Might they contain something compromising, something that
challenges, possibly even refutes, established traditions?
Certainly official interpretation ensured that they did not. There is,
of course, nothing to suggest any deliberate or systematic falsification
of evidence on the part of the international team. But for Father de
Vaux, his most intensely personal convictions were deeply engaged and
were bound to have exerted some influence. The key factor in
determining the significance of the scrolls, and their relation, or lack of
it, to Christianity, consisted, of course, in their dating. Were they pre-
or post-Christian? How closely did they coincide with Jesus' activities,
around AD 30? With the travels and letters of Paul, roughly between
AD 40 and 65? With the composition of the Gospels, between AD 70
and 95? Whatever the date ascribed to them, they might be a source of
possible embarrassment to Christendom, but the degree of
embarrassment would be variable. If, for example, the scrolls could be
dated from well before the Christian era, they might threaten to
compromise Jesus' originality and uniqueness - might show some of
his words and concepts to have been not wholly his own, but to have
derived from a current of thought, teaching and tradition already
established and 'in the air'. If the scrolls dated from Jesus' lifetime,
however, or from shortly thereafter, they might prove more
embarrassing still. They might be used to argue that the 'Teacher of
Righteousness' who figures in them was Jesus himself, and that Jesus
was not therefore perceived as divine by his contemporaries. Moreover,
the scrolls contained or implied certain premises inimical to subsequent
images of 'early Christianity'. There were, for example, statements of a
militant messianic nationalism associated previously only with the
Zealots - when Jesus was supposed to be non-political, rendering unto
Caesar what was Caesar's. It might even emerge that Jesus had never
dreamed of founding a new religion or of contravening Judaic law.
128
The evidence can be interpreted in a number of plausible ways,
some of which are less compromising to Christendom than others. It is
hardly surprising, in the circumstances, that de Vaux should have
inclined towards and promulgated the less compromising
interpretations. Thus, while it was never stated explicitly, a necessity
prevailed to read or interpret the evidence in accordance with certain
governing principles. So far as possible, for example, the scrolls and
their authors had to be kept as dissociated as possible from 'early
Christianity' - as depicted in the New Testament - and from the
mainstream of lst-century Judaism, whence 'early Christianity' sprang.
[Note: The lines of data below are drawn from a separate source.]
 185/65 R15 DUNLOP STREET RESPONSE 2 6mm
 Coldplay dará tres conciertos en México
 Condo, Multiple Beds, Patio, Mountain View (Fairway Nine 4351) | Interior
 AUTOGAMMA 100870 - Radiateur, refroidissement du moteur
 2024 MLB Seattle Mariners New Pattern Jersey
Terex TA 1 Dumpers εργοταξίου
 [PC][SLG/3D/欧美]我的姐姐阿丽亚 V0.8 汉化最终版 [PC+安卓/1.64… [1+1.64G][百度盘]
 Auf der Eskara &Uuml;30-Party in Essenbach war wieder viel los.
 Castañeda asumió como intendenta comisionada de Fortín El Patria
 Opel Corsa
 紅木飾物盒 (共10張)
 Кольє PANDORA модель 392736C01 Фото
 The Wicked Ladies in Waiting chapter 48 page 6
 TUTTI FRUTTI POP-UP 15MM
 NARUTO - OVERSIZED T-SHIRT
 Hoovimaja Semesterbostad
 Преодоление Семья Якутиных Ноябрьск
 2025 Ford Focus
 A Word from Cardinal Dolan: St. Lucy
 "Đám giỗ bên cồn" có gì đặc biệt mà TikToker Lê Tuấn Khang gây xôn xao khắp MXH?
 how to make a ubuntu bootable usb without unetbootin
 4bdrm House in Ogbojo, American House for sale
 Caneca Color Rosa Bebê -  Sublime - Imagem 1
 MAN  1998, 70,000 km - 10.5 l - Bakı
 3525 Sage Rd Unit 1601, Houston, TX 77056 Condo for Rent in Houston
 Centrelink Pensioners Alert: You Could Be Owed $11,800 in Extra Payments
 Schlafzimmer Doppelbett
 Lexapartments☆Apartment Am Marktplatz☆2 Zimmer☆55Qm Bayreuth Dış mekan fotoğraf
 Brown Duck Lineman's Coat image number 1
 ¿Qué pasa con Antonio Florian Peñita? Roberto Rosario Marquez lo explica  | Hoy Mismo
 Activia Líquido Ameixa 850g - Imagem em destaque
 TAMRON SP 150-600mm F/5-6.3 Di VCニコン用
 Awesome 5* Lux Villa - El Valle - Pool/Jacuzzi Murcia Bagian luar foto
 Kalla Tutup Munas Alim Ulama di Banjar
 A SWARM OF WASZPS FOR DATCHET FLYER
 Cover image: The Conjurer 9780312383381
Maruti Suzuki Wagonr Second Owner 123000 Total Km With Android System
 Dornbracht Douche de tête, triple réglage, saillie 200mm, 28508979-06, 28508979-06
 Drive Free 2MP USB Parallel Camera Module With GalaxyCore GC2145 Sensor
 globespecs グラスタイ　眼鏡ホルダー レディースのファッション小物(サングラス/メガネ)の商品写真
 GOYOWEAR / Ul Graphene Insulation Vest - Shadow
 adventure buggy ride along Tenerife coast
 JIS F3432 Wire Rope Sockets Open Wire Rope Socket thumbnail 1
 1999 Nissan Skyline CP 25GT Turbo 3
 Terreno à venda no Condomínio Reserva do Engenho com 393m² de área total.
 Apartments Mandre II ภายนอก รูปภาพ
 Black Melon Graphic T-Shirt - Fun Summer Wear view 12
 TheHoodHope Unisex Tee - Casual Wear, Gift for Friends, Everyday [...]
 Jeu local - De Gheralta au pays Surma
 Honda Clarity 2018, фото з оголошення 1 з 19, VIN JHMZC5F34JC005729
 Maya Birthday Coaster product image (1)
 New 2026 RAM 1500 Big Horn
It was in adherence to such tenets that the orthodoxy of interpretation
established itself and a scholarly consensus originated.
Thus, the conclusions to which Father de Vaux's team came in their
interpretation of the scrolls conformed to certain general tenets, the
more important of which can be summarised as follows:
1. The Qumran texts were seen as dating from long prior to the
Christian era.
2. The scrolls were regarded as the work of a single reclusive
community, an unorthodox 'sect' on the periphery of Judaism, divorced
from the epoch's main currents of social, political and religious
thought. In particular, they were divorced from militant revolutionary
and messianic nationalism, as exemplified by the defenders of Masada.
3. The Qumran community must have been destroyed during the
general uprising in Judaea in AD 66-73, leaving all their documents
behind, hidden for safety in nearby caves.
4. The beliefs of the Qumran community were presented as entirely
different from Christianity; and the 'Teacher of Righteousness', because
he was not portrayed as divine, could not be equated with Jesus.
5. Because John the Baptist was altogether too close to the
teachings of the Qumran community, it was argued that he wasn't
really 'Christian' in any true sense of the word, 'merely' a precursor.
There are, however, numerous points at which the Qumran texts,
and the community from which they issued, paralleled early Christian
texts and the so-called 'early Church'. A number of such parallels are
immediately apparent.
First, a similar ritual to that of baptism, one of the central
sacraments of Christianity, obtained for the Qumran community.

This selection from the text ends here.